Vladislav Ladenkov Vladislav Ladenkov - 11 months ago 37
Python Question

Error applying simple regexp

I had a function with RegExp working perfect:

def preprocess(topic, sample, RegSample):
topic = re.sub(RegSample,'?X?', topic, flags=re.I)# "" «» для агента X
topic = re.sub(sample, '?X?', topic, flags=re.I)# без скобок
topic = re.sub('[ЗАО]*[АО]О\s?X?', '?X? ', topic, flags=re.I)# ЗАО ОАО ООО и т.д. для X
topic = re.sub('\?X\?\?X\?', '?X?', topic)# Двойные агенты X
topic = re.sub('групп[^\s]\s?X?', '?X? ', topic, flags=re.I)# группа агента X

topic = re.sub('\s[a-zA-Z\s\d]*[\s\.$]', ' ?Y? ', topic) # Английские слова+цифры = Агент Y
topic = re.sub('[\"\«][^\"\»]*[\"\»]', '?Y?', topic, flags=re.I)# "" «» для агента Y
topic = re.sub('[ЗАО][ЗАО]О\s?Y?', '?Y?', topic)# ЗАО ОАО ООО и т.д. для Y
topic = re.sub('\s[А-Я][^\s]*[\s.$]', ' ?Y? ', topic)# Русские названия/имена заменяем на агента Y
topic = re.sub('\s[А-Я]\S*', '?Y?', topic)
topic = re.sub('\s[a-zA-Z][^\s]*', ' ?Y?', topic)
topic = re.sub('\?Y\?\?Y\?', '?Y?', topic)# Двойные агенты Y

topic = re.sub('[a-zA-Z\d\.-]*[\d][a-zA-Z\d\.-]*', '?D?', topic)# Английские наименования с цифрами(не компании)
topic = re.sub('[а-яА-Я\d\.-]*[\d][а-яА-Я\d\.-]*', '?D?', topic)# Российские наименования с цифрами(не компании)
return topic

But then i needed some more RegExp's:

def final_preprocessing(topic):
topic = re.sub('?X?', 'лол', topic)# лол - слово, кодирующее компанию агент-которого рассматриваем
topic = re.sub('?Y?', 'кек', topic)# лол - слово, кодирующее всех остыльных компаний-агентов
topic = re.sub('?D?', 'd ', topic)# кодирует весь треш в ?D?
return topic

And got an error:
error: nothing to repeat at position 0

According to some existing answers, i.e.: Python regex strange behavior, i had to ensure, that there ARE those patterns in my text.

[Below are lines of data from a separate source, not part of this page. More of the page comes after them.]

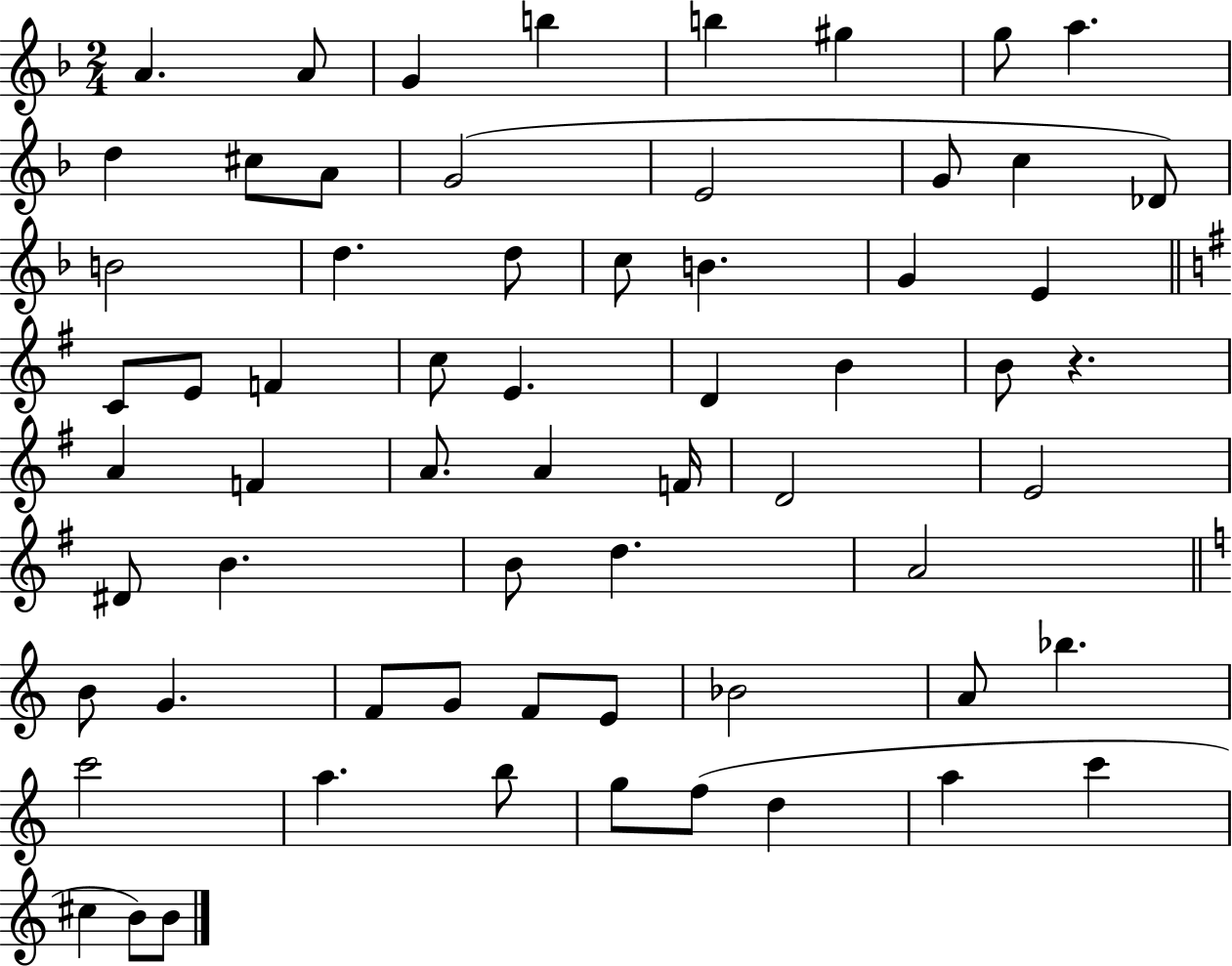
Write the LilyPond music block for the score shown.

{
  \clef treble
  \numericTimeSignature
  \time 2/4
  \key f \major
  a'4. a'8 | g'4 b''4 | b''4 gis''4 | g''8 a''4. | \break d''4 cis''8 a'8 | g'2( | e'2 | g'8 c''4 des'8) | \break b'2 | d''4. d''8 | c''8 b'4. | g'4 e'4 | \break \bar "||" \break \key e \minor c'8 e'8 f'4 | c''8 e'4. | d'4 b'4 | b'8 r4. | \break a'4 f'4 | a'8. a'4 f'16 | d'2 | e'2 | \break dis'8 b'4. | b'8 d''4. | a'2 | \bar "||" \break \key a \minor b'8 g'4. | f'8 g'8 f'8 e'8 | bes'2 | a'8 bes''4. | \break c'''2 | a''4. b''8 | g''8 f''8( d''4 | a''4 c'''4 | \break cis''4 b'8) b'8 | \bar "|."
}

I cheked and can trustly say - they ARE in my text.
So whats the problem now?

P.S. Other RegExp's either could return ZERO substrings, but they didnt end with a mistake!

Answer Source

? means "repeat zero or one times". When that is the first character of the regular expression, what do you expect to be repeated zero or one times? That's what "nothing to repeat at position zero" means: at position zero you are asking for something to repeat zero or one times, but there's nothing there to repeat.

You need to escape the question mark if you are looking for a literal question mark:

topic = re.sub('\?X\?', 'лол', topic)